-----BEGIN PGP SIGNED MESSAGE----- Hash: SHA1
On Jul 20, 2007, at 9:21 AM, Stephen J. Turnbull wrote:
How likely is it that two messages with the same message-id and date are /not/ duplicates?
For message id generators that include a time-stamp in the generated id, approximately the same as the probability that two messages with the same message-id are not duplicates, no?
Good point, though clearly not all message-ids have timestamp
information in them. It does help explain why I see 600-odd more
collisions when taking other data into account too. I've modified my
script to sort collisions and dupes into maildir folders, so I'll
take a closer look when that finishes running (it takes a long time
to slog through all 5 mboxes, even on a fairly zippy dual-G5).
Heck, at that point, I'd feel justified in simply automatically rejecting the duplicate and chucking it from the archive.
I'd rather not go there. There may be applications for the archiver that require that all mail received be filed.
True. It would ultimately be an archiver policy though.
Counterproposal: have a "collisions" namespace, and provide an interface for the list owner to decide what to do with them. They could be thrown away, they could be given an alternative global ID somehow and added (eg, the archive page could add a "See probable duplicates too" link), or they could be put into a moderation-like queue for list admins to decide about.
I like this.
So now, think of the interface to a message store that supports this addressing scheme. Well it's something like:
I don't understand how the calling application is supposed to deal with a DuplicateMessageError exception since it should not change either the Message-ID or the Date if present.
I see this as a major problem with any proposal to use only author headers in computing the "global id".
Mailman would probably log and ignore DuplicateMessageErrors.

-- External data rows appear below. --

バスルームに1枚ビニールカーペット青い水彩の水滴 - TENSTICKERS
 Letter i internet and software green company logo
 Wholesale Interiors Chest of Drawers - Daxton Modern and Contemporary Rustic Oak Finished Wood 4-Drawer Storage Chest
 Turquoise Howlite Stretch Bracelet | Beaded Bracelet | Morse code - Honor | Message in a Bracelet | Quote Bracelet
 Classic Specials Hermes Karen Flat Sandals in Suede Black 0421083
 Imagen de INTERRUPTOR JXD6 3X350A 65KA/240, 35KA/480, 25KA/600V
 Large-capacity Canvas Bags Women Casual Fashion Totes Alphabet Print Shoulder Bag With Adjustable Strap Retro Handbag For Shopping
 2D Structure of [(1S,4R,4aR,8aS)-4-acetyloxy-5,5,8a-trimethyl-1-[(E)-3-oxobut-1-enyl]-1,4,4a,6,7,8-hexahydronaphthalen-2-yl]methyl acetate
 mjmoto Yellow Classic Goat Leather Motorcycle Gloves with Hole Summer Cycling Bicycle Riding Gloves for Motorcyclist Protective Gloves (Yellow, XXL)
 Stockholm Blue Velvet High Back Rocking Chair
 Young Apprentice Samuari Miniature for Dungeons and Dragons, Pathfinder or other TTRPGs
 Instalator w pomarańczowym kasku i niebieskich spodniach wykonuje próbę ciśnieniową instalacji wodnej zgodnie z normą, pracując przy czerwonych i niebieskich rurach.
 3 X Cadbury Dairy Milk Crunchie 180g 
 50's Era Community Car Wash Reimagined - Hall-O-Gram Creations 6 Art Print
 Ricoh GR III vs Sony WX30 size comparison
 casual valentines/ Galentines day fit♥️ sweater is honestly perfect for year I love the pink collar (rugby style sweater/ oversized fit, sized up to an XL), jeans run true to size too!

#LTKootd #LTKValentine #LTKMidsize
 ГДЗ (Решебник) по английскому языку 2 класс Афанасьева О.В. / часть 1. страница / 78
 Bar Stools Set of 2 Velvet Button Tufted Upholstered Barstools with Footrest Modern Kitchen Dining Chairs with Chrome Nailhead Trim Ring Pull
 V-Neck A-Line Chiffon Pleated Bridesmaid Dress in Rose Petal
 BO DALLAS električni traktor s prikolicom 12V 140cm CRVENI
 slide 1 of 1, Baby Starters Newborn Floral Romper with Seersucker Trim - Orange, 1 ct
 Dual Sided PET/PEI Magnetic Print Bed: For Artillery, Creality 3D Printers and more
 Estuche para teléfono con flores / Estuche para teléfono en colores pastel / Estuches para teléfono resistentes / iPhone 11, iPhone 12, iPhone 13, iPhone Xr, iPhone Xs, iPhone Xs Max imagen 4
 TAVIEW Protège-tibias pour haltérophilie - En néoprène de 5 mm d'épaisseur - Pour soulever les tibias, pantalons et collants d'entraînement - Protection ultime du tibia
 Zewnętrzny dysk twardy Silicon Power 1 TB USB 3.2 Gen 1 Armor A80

It
wouldn't be Mailman's responsibility to ensure the message gets
archived, although I concede that as currently defined, you could end
up with list copies that had a global id header that wasn't unique.
OTOH, if the archiver implements a collision resolution policy such
as a 'collisions' namespace, it wouldn't ever raise
Or by using the global id, or by rejecting messages with duplicate message ids.
Er, the MTA has already accepted it. Do you plan to generate a list manager bounce to the poster? This has the unpleasant misfeature that it could be used to bounce spam off the list manager, since the poster needs to see content to determine whether this is a multiple send or actually the "intended version" after a "fat-finger" send; we already know the message-id isn't good enough.
Yes, this wouldn't be an MTA bounce, it would be a Mailman bounce.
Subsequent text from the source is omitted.